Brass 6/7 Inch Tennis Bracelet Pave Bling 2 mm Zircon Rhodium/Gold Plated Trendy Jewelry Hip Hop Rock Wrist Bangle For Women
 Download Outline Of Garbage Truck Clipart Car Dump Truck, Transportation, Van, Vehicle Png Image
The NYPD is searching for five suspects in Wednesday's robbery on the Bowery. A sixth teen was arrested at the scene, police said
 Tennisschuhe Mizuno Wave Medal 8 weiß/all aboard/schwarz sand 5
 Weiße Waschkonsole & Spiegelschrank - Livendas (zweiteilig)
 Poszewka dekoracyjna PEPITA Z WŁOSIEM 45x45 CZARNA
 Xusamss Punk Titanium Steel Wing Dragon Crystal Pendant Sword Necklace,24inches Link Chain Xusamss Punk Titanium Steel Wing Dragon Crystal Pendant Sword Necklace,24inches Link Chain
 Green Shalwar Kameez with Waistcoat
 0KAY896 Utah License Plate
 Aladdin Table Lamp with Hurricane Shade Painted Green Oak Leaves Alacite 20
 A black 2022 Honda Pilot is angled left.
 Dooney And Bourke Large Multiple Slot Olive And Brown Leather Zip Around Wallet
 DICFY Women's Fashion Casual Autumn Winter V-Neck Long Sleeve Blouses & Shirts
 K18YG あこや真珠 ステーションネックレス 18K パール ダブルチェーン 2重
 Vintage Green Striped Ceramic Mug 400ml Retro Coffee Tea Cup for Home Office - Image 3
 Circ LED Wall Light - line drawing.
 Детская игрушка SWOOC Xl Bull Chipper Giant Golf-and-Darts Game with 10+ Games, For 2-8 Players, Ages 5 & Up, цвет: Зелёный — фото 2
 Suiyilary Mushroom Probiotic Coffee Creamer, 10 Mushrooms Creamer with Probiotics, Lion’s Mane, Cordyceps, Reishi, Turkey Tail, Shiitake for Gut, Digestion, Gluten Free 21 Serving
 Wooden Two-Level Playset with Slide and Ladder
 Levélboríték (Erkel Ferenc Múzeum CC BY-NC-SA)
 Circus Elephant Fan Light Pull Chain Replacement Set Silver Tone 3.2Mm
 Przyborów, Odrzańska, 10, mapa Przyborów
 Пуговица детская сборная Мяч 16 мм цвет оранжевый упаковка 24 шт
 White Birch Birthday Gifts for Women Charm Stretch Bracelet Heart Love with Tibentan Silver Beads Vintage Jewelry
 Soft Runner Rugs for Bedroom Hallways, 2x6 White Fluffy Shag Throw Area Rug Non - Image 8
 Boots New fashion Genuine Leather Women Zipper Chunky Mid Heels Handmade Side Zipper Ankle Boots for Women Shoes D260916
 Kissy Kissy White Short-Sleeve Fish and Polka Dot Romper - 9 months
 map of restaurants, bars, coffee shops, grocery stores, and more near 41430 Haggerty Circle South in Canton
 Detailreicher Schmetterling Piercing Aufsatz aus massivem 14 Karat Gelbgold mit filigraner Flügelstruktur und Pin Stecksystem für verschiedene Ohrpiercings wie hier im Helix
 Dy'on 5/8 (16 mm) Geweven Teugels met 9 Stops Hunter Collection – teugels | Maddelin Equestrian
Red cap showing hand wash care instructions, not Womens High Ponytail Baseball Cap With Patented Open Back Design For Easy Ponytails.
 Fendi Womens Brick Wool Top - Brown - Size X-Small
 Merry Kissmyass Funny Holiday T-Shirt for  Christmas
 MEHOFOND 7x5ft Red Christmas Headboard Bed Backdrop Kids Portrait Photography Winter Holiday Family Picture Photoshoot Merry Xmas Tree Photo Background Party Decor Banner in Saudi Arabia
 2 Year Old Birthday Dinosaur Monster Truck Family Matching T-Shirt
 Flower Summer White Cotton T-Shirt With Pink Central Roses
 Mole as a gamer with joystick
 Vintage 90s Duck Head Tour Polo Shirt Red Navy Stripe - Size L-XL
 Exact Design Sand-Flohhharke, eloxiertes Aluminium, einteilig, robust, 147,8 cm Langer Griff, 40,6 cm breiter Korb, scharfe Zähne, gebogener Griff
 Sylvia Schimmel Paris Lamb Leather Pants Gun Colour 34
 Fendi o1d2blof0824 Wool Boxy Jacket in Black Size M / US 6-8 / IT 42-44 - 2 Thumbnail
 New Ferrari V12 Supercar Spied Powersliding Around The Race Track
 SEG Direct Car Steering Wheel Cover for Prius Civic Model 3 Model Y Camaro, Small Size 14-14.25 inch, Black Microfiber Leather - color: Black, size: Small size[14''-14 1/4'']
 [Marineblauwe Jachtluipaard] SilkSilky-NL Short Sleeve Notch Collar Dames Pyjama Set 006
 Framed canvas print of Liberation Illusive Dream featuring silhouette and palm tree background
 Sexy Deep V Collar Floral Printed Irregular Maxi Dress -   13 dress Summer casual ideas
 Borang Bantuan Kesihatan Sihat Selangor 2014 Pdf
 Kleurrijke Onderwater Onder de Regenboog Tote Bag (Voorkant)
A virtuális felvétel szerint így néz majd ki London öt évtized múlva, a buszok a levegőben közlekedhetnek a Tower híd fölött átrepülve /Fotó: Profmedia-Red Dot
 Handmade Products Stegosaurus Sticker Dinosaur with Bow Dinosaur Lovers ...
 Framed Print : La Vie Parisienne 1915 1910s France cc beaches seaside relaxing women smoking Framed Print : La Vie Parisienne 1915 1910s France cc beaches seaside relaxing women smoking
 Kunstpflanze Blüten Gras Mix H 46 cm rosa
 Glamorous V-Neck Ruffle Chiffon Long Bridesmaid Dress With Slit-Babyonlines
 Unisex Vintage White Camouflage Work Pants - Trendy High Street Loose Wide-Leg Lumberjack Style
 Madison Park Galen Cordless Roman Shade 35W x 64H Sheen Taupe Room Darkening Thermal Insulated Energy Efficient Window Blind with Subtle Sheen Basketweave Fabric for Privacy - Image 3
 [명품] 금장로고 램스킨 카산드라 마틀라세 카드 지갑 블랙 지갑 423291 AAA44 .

====

Activity: Restate verbatim all lines from the start of the data through the line containing "Weiße Waschkonsole &", with both ends kept.

Final answer:
Brass 6/7 Inch Tennis Bracelet Pave Bling 2 mm Zircon Rhodium/Gold Plated Trendy Jewelry Hip Hop Rock Wrist Bangle For Women
 Download Outline Of Garbage Truck Clipart Car Dump Truck, Transportation, Van, Vehicle Png Image
The NYPD is searching for five suspects in Wednesday's robbery on the Bowery. A sixth teen was arrested at the scene, police said
 Tennisschuhe Mizuno Wave Medal 8 weiß/all aboard/schwarz sand 5
 Weiße Waschkonsole & Spiegelschrank - Livendas (zweiteilig)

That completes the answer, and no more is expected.